Exercise goal
Take the data that follows and retype it word for word.

*** Input material ***

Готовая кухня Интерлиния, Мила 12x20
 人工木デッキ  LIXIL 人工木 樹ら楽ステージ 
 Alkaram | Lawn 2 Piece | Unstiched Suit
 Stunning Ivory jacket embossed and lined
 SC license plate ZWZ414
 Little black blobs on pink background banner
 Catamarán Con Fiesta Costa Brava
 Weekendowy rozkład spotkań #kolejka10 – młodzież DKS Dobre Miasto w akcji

***

Result
Готовая кухня Интерлиния, Мила 12x20
 人工木デッキ  LIXIL 人工木 樹ら楽ステージ 
 Alkaram | Lawn 2 Piece | Unstiched Suit
 Stunning Ivory jacket embossed and lined
 SC license plate ZWZ414
 Little black blobs on pink background banner
 Catamarán Con Fiesta Costa Brava
 Weekendowy rozkład spotkań #kolejka10 – młodzież DKS Dobre Miasto w akcji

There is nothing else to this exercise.